What is a DSLR camera? A DSLR camera is the digital counterpart of an SLR (single-lens-reflex) camera. A DSLR camera stores the captured images in a memory card whereas an SLR camera uses a plastic film. Both cameras use a mirror to reflect light that enters through their lens to a five-sided prism into the viewfinder, allowing users to see the image through the viewfinder. The mirror needs ample space in the camera’s body because it is hinged. Before the shutter button is pressed, the mirror is used to reflect the light. When the shutter button is pressed, a spring will automatically pull the mirror out of the way between the lens and the film.
A mirrorless camera doesn’t use this mechanism. It doesn’t use a mirror to reflect the light to the viewfinder. Instead, it uses a digital viewfinder that reproduces the image captured by the lens. In general, this is the only difference in the DSLR vs mirrorless camera comparison; however, you will be amazed by the great impacts that this difference causes.
Because a DSLR camera includes a hinged mirror and a mirrorless camera doesn’t, in terms of form factor, a DSLR camera is significantly bigger than a mirrorless camera. However, will this difference in size gives a significant advantage to a mirrorless camera in the DSLR vs mirrorless camera competition? Let’s see.
If you don’t plan to use an interchangeable-lens camera, using a mirrorless camera is definitely a good decision. Because a DSLR camera is larger and heavier, using a mirrorless camera that is lighter and more compact is certainly more convenient and comfortable. As long as you stick with one small lens that is attached to your camera, you will find a mirrorless camera an ergonomic camera to use.

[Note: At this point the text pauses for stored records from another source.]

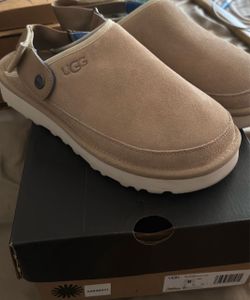 Women’s UGG slipper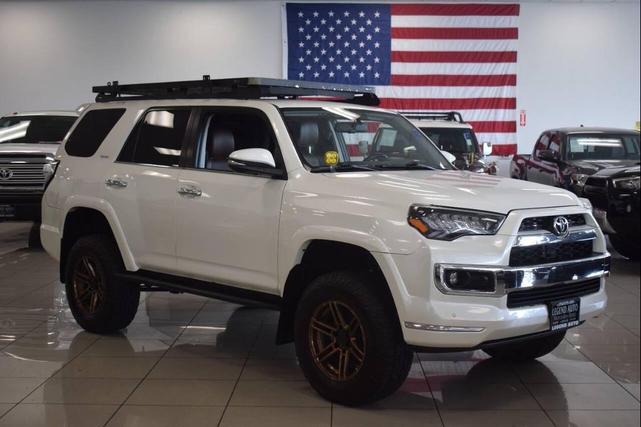 Photo of 2017 Blizzard Pearl Toyota 4Runner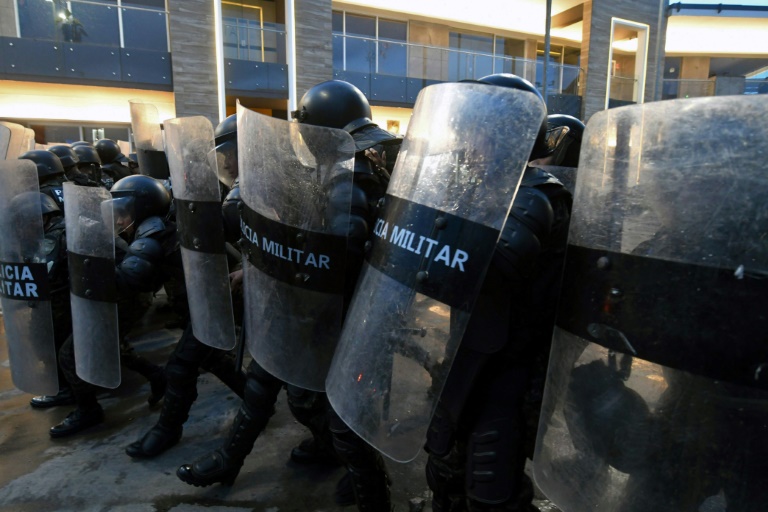 الشرطة تفرّق تظاهرة ضد الرئيس في هندوراس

However, enthusiastic photographers will least likely like a camera with a cropped sensor. A full-frame camera is definitely more preferable because of its ability to produce high-quality images with many alternative settings depending on the lens that you use. In other words, if you are a true photography enthusiast, you will inevitably have to use an interchangeable-lens camera.
Certain models of both DSLR and mirrorless cameras are full-frame cameras that support interchangeable lenses. When you attach a large lens to your camera, a DSLR camera seems to be more stable to handle than a mirrorless camera. The heavy weight of a DSLR camera effectively counterbalances the weight of the lens. On the other hand, the compact size of a mirrorless camera makes handling difficult due to the unbalanced weight when a large lens is attached to it. Therefore, in the DSLR vs mirrorless camera competition, the compact size of a mirrorless camera can be either an advantage or a disadvantage for the camera.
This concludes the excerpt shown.